Return the exact lines spanning from the line with "Trái cây Nhật" through the last line of the entries, boundaries included, and no others.
═══ Given entries ═══
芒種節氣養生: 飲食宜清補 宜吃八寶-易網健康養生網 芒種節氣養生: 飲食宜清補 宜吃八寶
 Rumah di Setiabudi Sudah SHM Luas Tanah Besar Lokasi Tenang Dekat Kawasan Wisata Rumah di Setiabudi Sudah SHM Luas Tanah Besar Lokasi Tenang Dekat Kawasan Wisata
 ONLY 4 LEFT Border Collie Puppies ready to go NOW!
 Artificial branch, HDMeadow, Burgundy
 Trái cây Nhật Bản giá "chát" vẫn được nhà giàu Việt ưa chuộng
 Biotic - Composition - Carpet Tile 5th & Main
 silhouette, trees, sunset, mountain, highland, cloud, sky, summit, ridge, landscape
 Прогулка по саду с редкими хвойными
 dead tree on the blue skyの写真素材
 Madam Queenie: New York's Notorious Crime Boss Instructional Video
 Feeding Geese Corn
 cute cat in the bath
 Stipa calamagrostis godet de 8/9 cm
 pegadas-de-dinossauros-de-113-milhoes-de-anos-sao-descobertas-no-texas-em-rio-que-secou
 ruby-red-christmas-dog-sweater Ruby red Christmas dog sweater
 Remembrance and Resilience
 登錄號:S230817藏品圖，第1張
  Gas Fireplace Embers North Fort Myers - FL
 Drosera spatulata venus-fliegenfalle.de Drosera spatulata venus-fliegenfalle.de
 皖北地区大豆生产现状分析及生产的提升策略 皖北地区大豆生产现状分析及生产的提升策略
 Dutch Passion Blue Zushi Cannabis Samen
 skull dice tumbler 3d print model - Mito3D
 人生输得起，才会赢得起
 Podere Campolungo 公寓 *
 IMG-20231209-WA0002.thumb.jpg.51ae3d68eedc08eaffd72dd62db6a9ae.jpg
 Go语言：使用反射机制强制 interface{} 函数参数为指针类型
═══
# Solution
 Trái cây Nhật Bản giá "chát" vẫn được nhà giàu Việt ưa chuộng
 Biotic - Composition - Carpet Tile 5th & Main
 silhouette, trees, sunset, mountain, highland, cloud, sky, summit, ridge, landscape
 Прогулка по саду с редкими хвойными
 dead tree on the blue skyの写真素材
 Madam Queenie: New York's Notorious Crime Boss Instructional Video
 Feeding Geese Corn
 cute cat in the bath
 Stipa calamagrostis godet de 8/9 cm
 pegadas-de-dinossauros-de-113-milhoes-de-anos-sao-descobertas-no-texas-em-rio-que-secou
 ruby-red-christmas-dog-sweater Ruby red Christmas dog sweater
 Remembrance and Resilience
 登錄號:S230817藏品圖，第1張
  Gas Fireplace Embers North Fort Myers - FL
 Drosera spatulata venus-fliegenfalle.de Drosera spatulata venus-fliegenfalle.de
 皖北地区大豆生产现状分析及生产的提升策略 皖北地区大豆生产现状分析及生产的提升策略
 Dutch Passion Blue Zushi Cannabis Samen
 skull dice tumbler 3d print model - Mito3D
 人生输得起，才会赢得起
 Podere Campolungo 公寓 *
 IMG-20231209-WA0002.thumb.jpg.51ae3d68eedc08eaffd72dd62db6a9ae.jpg
 Go语言：使用反射机制强制 interface{} 函数参数为指针类型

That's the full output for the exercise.